Réunion du 14 mai 2014 à 10h30
Mission d'information sur l'écotaxe poids lourds

Photo issue du site de l'Assemblée nationale ou de WikipediaHervé Mariton :

Nous serons sans doute nombreux, monsieur le président, à rendre hommage à la qualité de votre travail et à la clarté de votre analyse et de vos propositions.

Je ne voterai toutefois pas ce rapport, mais je ne voterai pas contre : je m'abstiendrai pour des raisons de cohérence que j'exposerai dans un instant.

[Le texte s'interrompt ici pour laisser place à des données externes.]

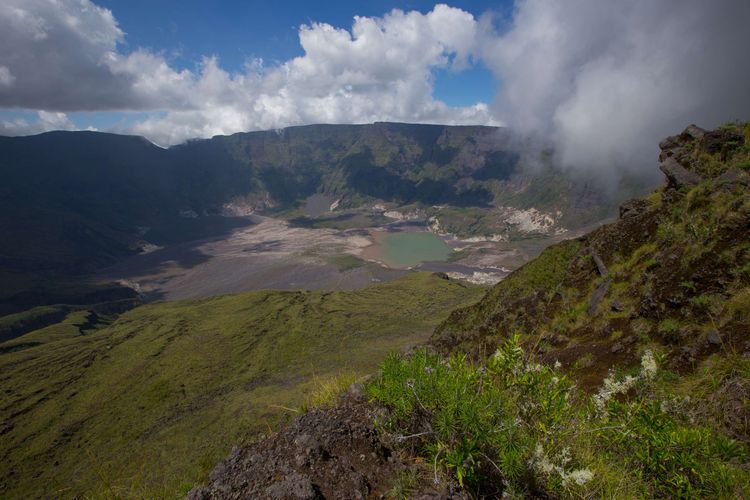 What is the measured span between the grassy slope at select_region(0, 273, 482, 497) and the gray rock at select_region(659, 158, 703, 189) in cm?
2700

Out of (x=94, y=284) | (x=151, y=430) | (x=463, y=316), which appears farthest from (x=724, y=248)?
(x=94, y=284)

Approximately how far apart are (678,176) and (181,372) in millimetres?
86913

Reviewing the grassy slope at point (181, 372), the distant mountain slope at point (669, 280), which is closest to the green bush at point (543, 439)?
the distant mountain slope at point (669, 280)

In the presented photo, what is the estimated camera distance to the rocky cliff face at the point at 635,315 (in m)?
→ 4.08

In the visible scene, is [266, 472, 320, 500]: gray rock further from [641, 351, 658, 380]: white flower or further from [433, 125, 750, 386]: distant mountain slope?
[641, 351, 658, 380]: white flower

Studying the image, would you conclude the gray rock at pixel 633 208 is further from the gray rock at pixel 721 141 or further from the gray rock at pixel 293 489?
the gray rock at pixel 293 489

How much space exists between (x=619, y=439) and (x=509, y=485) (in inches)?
51.5

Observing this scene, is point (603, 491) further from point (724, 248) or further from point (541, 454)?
point (724, 248)

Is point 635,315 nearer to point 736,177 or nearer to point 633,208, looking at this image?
point 736,177

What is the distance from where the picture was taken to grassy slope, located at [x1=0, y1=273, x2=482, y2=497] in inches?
1871

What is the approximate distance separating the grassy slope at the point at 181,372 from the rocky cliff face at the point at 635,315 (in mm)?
21862

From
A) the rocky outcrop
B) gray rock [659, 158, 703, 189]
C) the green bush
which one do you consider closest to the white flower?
the green bush

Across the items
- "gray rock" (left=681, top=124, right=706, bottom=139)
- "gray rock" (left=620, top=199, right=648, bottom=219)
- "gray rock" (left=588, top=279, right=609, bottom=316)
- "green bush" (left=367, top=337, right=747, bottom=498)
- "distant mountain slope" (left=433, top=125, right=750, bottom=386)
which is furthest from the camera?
"gray rock" (left=681, top=124, right=706, bottom=139)

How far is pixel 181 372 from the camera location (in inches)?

Je veux en effet rappeler au préalable que, voilà quelques années, j'avais moi-même publié plus modestement, au nom de la commission des finances, un rapport sur la taxe poids lourds qui faisait déjà apparaître les difficultés prévisibles que rencontrerait la mise en oeuvre d'un tel dispositif et l'importance qu'il y aurait à mieux l'expliquer et à anticiper en particulier l'accompagnement de l'industrie du transport. J'avais souligné l'effet d'aubaine dont bénéficieraient probablement les sociétés autoroutières et l'importance qu'il y aurait à examiner les moyens par lesquels l'État pourrait récupérer une partie de ces bénéfices.

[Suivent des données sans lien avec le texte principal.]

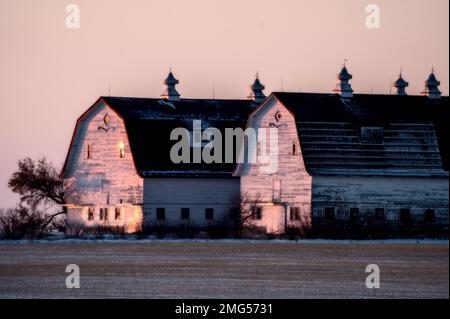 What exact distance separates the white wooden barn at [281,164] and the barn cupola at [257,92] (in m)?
2.15

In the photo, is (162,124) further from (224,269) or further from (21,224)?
(224,269)

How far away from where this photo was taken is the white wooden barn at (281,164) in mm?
75750

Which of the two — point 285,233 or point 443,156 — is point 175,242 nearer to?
point 285,233

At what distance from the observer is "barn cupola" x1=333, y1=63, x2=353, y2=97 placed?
80.6 meters

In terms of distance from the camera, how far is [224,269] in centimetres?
5225

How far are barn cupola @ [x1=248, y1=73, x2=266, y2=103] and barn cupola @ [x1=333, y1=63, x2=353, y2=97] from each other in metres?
6.54

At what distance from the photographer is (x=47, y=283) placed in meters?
46.5

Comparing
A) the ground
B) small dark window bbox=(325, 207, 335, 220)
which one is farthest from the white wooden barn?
the ground

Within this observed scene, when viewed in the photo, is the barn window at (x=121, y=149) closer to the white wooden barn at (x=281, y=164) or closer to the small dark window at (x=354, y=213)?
the white wooden barn at (x=281, y=164)

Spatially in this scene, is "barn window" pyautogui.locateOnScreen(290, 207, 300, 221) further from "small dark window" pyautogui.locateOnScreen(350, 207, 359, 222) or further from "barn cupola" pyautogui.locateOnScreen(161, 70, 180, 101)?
"barn cupola" pyautogui.locateOnScreen(161, 70, 180, 101)

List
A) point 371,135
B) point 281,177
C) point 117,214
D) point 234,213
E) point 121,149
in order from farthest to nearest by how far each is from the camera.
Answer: point 117,214 < point 121,149 < point 234,213 < point 281,177 < point 371,135

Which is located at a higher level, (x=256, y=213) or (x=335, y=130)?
(x=335, y=130)

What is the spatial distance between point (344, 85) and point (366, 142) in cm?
523

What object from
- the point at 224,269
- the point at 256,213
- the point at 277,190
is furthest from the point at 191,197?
the point at 224,269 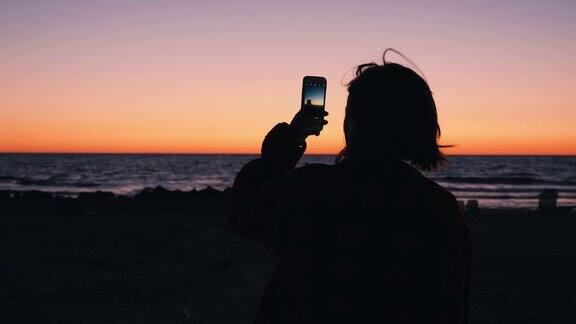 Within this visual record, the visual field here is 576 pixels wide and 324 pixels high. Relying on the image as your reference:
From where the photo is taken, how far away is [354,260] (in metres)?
1.62

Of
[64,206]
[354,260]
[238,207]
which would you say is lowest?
[64,206]

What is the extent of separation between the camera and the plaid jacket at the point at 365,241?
5.24 feet

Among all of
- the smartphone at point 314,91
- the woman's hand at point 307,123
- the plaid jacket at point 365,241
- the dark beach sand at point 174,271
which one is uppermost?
the smartphone at point 314,91

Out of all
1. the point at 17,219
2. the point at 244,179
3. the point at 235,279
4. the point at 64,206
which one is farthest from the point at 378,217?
the point at 64,206

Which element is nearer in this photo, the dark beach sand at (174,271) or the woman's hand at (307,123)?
the woman's hand at (307,123)

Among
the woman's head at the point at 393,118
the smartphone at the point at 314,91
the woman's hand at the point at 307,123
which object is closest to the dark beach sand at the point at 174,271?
the smartphone at the point at 314,91

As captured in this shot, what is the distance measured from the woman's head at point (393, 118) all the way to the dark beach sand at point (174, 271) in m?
4.95

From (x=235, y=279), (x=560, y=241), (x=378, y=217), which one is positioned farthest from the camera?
(x=560, y=241)

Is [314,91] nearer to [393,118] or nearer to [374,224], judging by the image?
[393,118]

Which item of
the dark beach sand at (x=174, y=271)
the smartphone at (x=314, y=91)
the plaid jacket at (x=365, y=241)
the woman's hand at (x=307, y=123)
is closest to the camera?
the plaid jacket at (x=365, y=241)

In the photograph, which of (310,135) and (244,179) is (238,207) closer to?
(244,179)

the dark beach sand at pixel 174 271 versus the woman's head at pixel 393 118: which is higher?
the woman's head at pixel 393 118

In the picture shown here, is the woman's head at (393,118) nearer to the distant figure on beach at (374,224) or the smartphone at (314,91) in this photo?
the distant figure on beach at (374,224)

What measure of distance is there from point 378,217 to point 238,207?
0.46m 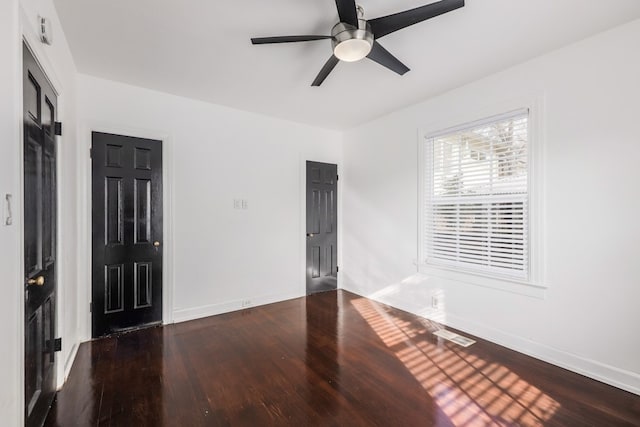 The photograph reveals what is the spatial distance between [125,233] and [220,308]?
1400 millimetres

La première raison pour laquelle je ne voterai pas votre rapport tient à l'appellation du dispositif : il s'agit bien d'une taxe, et non pas d'une redevance, comme vous l'indiquez du reste très honnêtement dans le rapport même. De fait, il n'y a pas de retour au secteur prélevé et l'affectation à l'AFITF en fait bien une taxe. Ce n'est pas la gestion politique du vocabulaire qui rendra un impôt plus acceptable, mais plutôt l'explication et le bon usage. Le mot « redevance » a certes été utilisé lors du Grenelle de l'environnement, mais il n'était pas juste. Puisque les évolutions que vous préconisez nécessiteront un vote en loi de finances, il faudra revenir sur ce point.

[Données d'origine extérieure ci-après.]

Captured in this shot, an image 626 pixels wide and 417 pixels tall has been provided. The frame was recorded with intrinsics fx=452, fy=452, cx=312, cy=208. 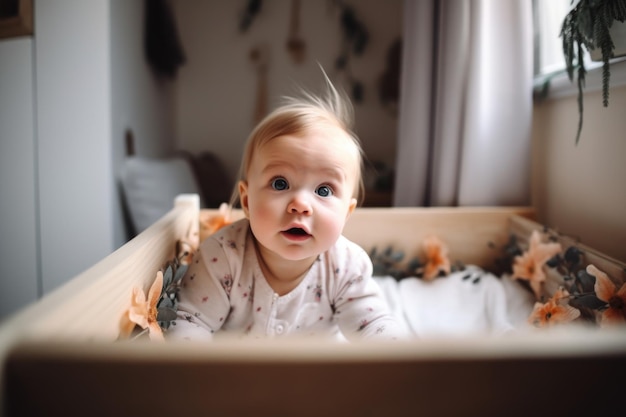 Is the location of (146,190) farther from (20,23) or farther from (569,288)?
(569,288)

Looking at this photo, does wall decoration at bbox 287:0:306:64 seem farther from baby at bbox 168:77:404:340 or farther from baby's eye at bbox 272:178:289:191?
baby's eye at bbox 272:178:289:191

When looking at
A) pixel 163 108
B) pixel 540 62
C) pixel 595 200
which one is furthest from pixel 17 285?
pixel 540 62

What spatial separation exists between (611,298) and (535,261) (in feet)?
1.02

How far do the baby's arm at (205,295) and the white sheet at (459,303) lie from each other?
387mm

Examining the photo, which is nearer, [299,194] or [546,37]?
[299,194]

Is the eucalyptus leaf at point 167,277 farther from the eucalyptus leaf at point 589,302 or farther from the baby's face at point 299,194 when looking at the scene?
the eucalyptus leaf at point 589,302

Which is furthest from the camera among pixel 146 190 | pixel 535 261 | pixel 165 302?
pixel 146 190

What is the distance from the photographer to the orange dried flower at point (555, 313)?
717 millimetres

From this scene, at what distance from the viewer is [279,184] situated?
67cm

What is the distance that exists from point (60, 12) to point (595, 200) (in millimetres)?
1489

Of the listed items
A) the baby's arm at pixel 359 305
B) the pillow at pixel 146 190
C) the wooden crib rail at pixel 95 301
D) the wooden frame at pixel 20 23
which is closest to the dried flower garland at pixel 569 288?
the baby's arm at pixel 359 305

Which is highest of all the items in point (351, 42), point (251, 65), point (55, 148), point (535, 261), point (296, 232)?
point (351, 42)

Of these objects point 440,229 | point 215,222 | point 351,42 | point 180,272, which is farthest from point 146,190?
point 351,42

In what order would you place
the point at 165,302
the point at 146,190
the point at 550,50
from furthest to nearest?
1. the point at 146,190
2. the point at 550,50
3. the point at 165,302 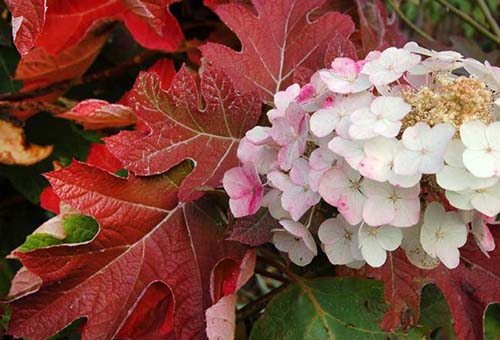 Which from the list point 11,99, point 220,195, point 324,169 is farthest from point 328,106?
point 11,99

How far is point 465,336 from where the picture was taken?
775mm

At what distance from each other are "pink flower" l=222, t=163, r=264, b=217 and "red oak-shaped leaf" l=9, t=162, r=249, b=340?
83 millimetres

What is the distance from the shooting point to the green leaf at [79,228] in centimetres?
83

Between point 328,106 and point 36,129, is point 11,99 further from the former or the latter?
point 328,106

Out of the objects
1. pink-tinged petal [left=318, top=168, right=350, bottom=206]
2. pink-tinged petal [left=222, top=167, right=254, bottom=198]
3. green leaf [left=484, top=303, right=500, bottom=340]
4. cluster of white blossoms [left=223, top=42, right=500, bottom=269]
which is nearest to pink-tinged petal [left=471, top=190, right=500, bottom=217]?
cluster of white blossoms [left=223, top=42, right=500, bottom=269]

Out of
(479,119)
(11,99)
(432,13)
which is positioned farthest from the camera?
(432,13)

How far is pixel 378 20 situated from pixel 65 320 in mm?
617

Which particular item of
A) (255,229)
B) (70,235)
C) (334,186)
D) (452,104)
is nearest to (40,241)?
(70,235)

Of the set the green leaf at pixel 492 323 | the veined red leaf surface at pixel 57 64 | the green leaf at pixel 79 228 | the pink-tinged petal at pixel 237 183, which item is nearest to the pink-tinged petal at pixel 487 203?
the pink-tinged petal at pixel 237 183

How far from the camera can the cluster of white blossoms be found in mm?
607

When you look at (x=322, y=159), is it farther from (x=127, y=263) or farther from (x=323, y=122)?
(x=127, y=263)

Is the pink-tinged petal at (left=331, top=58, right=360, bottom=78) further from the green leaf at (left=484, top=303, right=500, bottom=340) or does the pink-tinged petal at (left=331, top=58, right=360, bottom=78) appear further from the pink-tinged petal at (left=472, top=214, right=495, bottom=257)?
the green leaf at (left=484, top=303, right=500, bottom=340)

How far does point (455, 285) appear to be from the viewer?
0.79 meters

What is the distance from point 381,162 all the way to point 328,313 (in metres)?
0.23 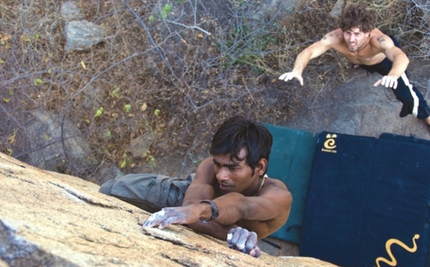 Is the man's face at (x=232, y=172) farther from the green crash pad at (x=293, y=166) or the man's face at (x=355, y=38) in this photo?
the green crash pad at (x=293, y=166)

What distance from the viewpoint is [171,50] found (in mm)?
4656

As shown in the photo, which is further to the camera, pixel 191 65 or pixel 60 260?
pixel 191 65

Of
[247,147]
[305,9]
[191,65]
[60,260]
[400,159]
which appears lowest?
[60,260]

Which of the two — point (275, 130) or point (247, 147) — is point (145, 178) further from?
point (275, 130)

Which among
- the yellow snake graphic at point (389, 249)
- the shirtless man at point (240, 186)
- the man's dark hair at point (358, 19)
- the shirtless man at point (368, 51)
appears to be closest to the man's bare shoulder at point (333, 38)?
the shirtless man at point (368, 51)

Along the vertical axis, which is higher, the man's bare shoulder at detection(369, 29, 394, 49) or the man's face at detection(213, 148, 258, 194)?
the man's bare shoulder at detection(369, 29, 394, 49)

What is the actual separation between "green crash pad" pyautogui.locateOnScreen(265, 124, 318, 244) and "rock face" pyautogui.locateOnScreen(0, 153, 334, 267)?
235 cm

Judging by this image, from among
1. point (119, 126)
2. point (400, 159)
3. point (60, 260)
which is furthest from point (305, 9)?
point (60, 260)

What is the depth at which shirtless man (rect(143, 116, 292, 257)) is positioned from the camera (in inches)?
79.9

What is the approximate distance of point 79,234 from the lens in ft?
4.58

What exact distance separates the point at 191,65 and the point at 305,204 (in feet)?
5.21

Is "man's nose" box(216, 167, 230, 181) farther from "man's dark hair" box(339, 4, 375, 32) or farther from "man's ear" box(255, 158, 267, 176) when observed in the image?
"man's dark hair" box(339, 4, 375, 32)

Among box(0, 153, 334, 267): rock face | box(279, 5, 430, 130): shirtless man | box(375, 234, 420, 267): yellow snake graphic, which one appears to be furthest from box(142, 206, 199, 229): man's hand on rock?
box(375, 234, 420, 267): yellow snake graphic

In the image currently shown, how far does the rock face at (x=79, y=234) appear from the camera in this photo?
1.20m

La deuxième raison de mon abstention tient au mécanisme de répercussion. Je ne l'avais pas approuvé en son temps, et le groupe auquel j'appartiens avait d'ailleurs fait devant le Conseil constitutionnel un recours tout à fait justifié politiquement même s'il n'a pas prospéré, car la « répercussion Cuvillier » est plutôt un facteur de confusion.

Cela étant, nous sommes plusieurs à voir dans l'écotaxe une possibilité de financement des infrastructures. D'autre part, il y a une certaine cohérence à poursuivre, comme vous le souhaitez, le travail réalisé très en amont avec les transporteurs, qui se sont assez largement engagés – parfois au-delà de ce que je pensais justifié – pour la mise en place de l'écotaxe.

Surtout, il y aurait aujourd'hui plus d'inconvénients que d'avantages à abandonner en cours de route l'écotaxe, même s'il faut l'améliorer et la réformer. Ne jetons pas le bébé avec l'eau du bain, car il faut assurer le financement des infrastructures et les dédits auraient un coût important, pour nos finances comme pour la parole de l'État. Lorsqu'un partenariat public privé de cette nature a été engagé, si l'on veut que la parole de l'État soit crédible dans la durée, on ne peut pas se dédire capricieusement.

Vous avez aussi, monsieur le président, souligné courageusement que certaines pistes évoquées par le Gouvernement n'étaient pas crédibles, comme la taxation des seuls transporteurs étrangers ou la taxation autoritaire des sociétés autoroutières. En revanche, la captation d'une partie de l'effet d'aubaine sur les fondements que vous avez exposés est une idée qui « tient la route ».

Voilà donc les points qui expliquent mon vote d'abstention.